Nokia’s first smartphone running Microsoft’s Windows Phone operating has not officially landed in the UAE yet, but hopefully it will be available soon. And when it is, I suggest you hurry up and check it out.

By Magnus Nystedt (PRODUCT REVIEW)

Published: Sat 28 Jan 2012, 11:53 PM

Last updated: Fri 3 Apr 2015, 1:54 AM

It’s a masterpiece in hardware, as well as software, and it’s a smartphone that competes with the very best available from any other manufacturer right now.

The Lumia 800 has the same design as the N9. There’s the same one-piece polycarbonate body, which makes it different from any other smartphone. It just oozes quality, and it’s a delight to hold and use. The 3.7-inch display (480 x 800 pixels) also is the same as on the N9, and it used Nokia’s ClearBlack technology, which makes colours just pop.

Windows Phone 7.5 Mango runs very fast on the Lumia 800 even though it only has a single-core 1.4 GHz Qualcomm processor.

Most other top-of-the-line smartphones now sport dual-core processors, but it doesn’t seem like the Lumia needs that. There’s 16 GB built-in storage memory and 512 MB RAM. There’s no memory expansion, but you do get access to Microsoft’s SkyDrive with 25 GB free storage. Apparently all of this runs down the battery rather too quickly though.

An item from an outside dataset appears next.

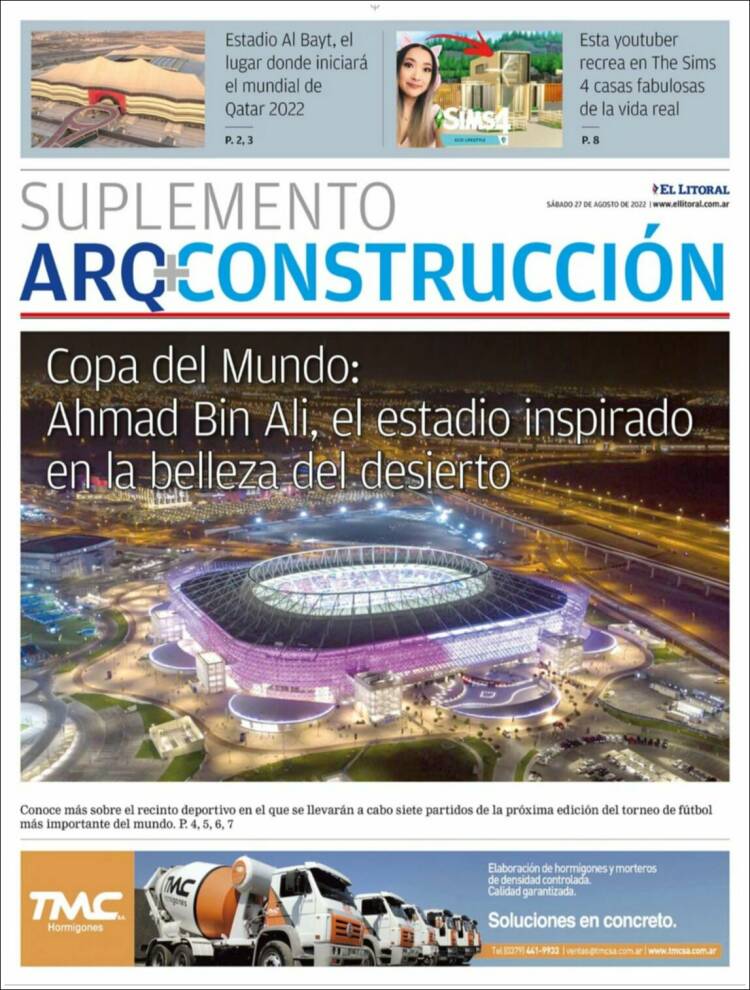 Portada de El Litoral Corrientes (Argentina)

My Lumia 800 runs flat well before I leave the office in the afternoon after having charged until I leave for work in the morning. Nokia just released a software update that should remedy this but even after applying it I’ve not seen much improvement.

Microsoft has created a breath of fresh air in Windows Phone. It has a different look and feel compared to iOS, Android as well as BlackBerry. The home screen is made up of squares, or tiles, which can show you current information, like how many emails you’ve received

Tapping a tile typically launches an app, which gives you more detailed access to information and functionality. I don’t like everything about Windows Phone, but it offers a fresh approach to especially a smartphone’s user interface, and that’s a very good thing, I think. One thing that was especially disappointing was Internet Explorer 9 on the Lumia 800. It is very fast, but it doesn’t seem to render as many sites correctly as Mobile Safari for iOS, for example.

The 8-megapixel camera on the Lumia 800 has a Carl Zeiss lens. Photos are clear and bright, as is video (it can record HD 720p video). Arguably, the Lumia 800 is one of the best camera phones on the market. I especially appreciate that there is a dedicated camera release button on the outside and that you don’t have to start up a particular app to take photos. The lens has a maximum aperture of f2.2, which means you can take better photos in less light.

As excellent as I think the Nokia Lumia 800 is, I can’t see myself switching from my iPhone 4S at this point. That has pretty much all to do with quite a few apps that I’m attached to, and very little to do with the actual smartphone. Until those apps are available on Windows Phone, or I can find satisfactory alternatives, I don’t see myself giving up iOS. But that doesn’t mean that you shouldn’t at least consider Nokia’s masterpiece. It’s an excellent smartphone that in hardware as well as software beats almost anything else out there right now.